JAKARTA - Sekitar 6 miliar ton pasir laut dikeruk setiap tahunnya dalam praktik yang menurut badan PBB tidak berkelanjutan dan dapat memusnahkan kehidupan laut setempat secara permanen.

Pasir adalah sumber daya alam yang paling banyak dieksploitasi di dunia setelah air. Namun, ekstraksi pasir untuk digunakan dalam industri seperti konstruksi hanya diatur secara longgar, sehingga mendorong PBB untuk mengeluarkan resolusi tahun lalu untuk mendorong penambangan yang lebih berkelanjutan.

Temuan dari United Nations Environment Programme (UNEP) ini bertepatan dengan peluncuran platform 'Marine Sand Watch' yang didukung oleh pendanaan dari Pemerintah Swiss, yang memantau aktivitas pengerukan menggunakan pelacakan kelautan dan kecerdasan buatan.

"Jumlah pasir yang kita ambil dari lingkungan sangat banyak dan memiliki dampak yang besar," kata Pascal Peduzzi dari UNEP dalam konferensi pers di Jenewa, melansir Reuters 5 September.

Sambil menunjuk ke sebuah gambar kapal yang ia gambarkan sebagai "penyedot debu raksasa", ia mengatakan kapal-kapal semacam itu "pada dasarnya mensterilkan dasar laut dengan mengekstraksi pasir, menghancurkan semua mikroorganisme yang memberi makan ikan".

Dalam beberapa kasus, perusahaan memindahkan semua pasir ke batuan dasar, yang berarti bahwa "kehidupan tidak akan pernah pulih," tambah Peduzzi.

Meskipun secara global, 6 miliar yang diekstraksi lebih sedikit daripada pasir yang diendapkan setiap tahun oleh sungai-sungai di dunia, di beberapa daerah, pengambilan pasir melebihi tingkat pengisian kembali, kata UNEP.

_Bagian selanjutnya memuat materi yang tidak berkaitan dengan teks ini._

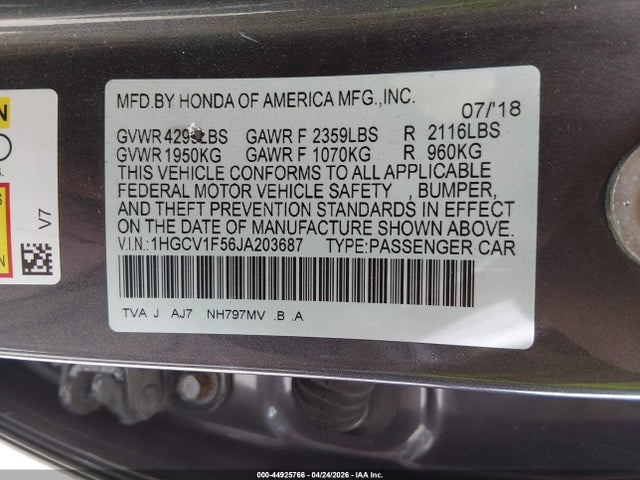 Aukcja sprzedaży 2018 Honda Accord Ex-l, vin: 1HGCV1F56JA203687, numer aukcji: 44925766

Diketahui, Laut Cina Selatan, Laut Utara dan pantai timur Amerika Serikat adalah beberapa wilayah yang paling banyak mengalami pengerukan, kata Arnaud Vander Velpen, seorang ahli industri pasir dan analisis data dari Universitas Jenewa.

Sementara China, Belanda, Amerika Serikat dan Belgia adalah beberapa negara yang paling aktif di sektor ini, ujarnya.